Vincent Keller received his Master degree in Computer Science from the University of Geneva (Switzerland) in 2004, and his PhD degree in 2008 from the Swiss Federal Institute of Technology (EPFL) in the HPCN and HPC Grids fields. Since 2009, Dr. Vincent Keller holds a full-time researcher position at University of Bonn in Germany. His research interests are in HPC applications analysis, Grid and cluster computing and energy efficiency of large computing ecosystems.

Rezensionen
Aus den Rezensionen:

"... wird die Relevanz dieses Buchs schnell klar. Dieses systematische Buch setzt sich dafür ein, dass so wohl Rechenleistung als auch Stromverbrauch bei Hochleistungsrechnern realistisch ... ist das Buch eine Inspirationsquelle für alle, die sich mit der Verbrauchssenkung bei schnellen Rechnern befassen."

(in: Bulletin electrosuisse, 2/July/2010, Issue 7, S. 121)
From the reviews:

"The current book "HPC@Green IT" by Ralf Gruber and Vincent Keller is unique in addressing all of these topics in a coherent and systematic way and in doing so fills an important gap. The methods presented and their integration have the potential to influence power efficiency and consumption on various scales of the system architectures and should ultimately help the 'greening' of HPC computing. "

Dr.
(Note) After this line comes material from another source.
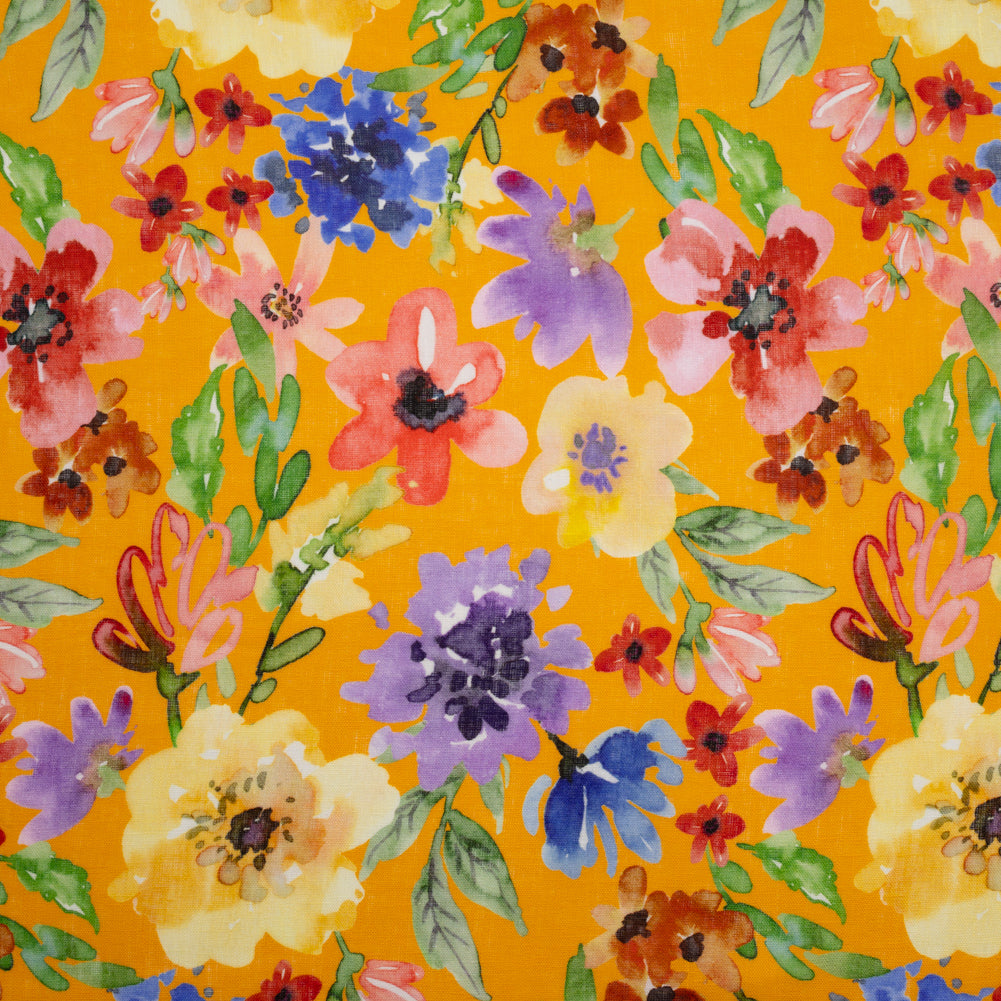 Lightweight Linen Woven - Purple, Yellow and Green Petal Drift Florals on Saffron Yellow - Joann Fabrics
Erich Strohmaier, Lawrence Berkeley Laboratory, August 2009

"The book familiarizes readers with this topic and provides a collection of techniques for green high-performance computing (HPC). ... In summary, this well-written book includes a lot of colorful graphs/charts, tables, and benchmark results. ... Whereas the authors mainly discuss techniques like frequency scaling (to reduce power usage) and compiler optimization (to reduce execution time), there are other techniques that can improve a system's efficiency--for example, dynamic powering on/off servers." (Michele Mazzucco, ACM Computing Reviews, August, 2010)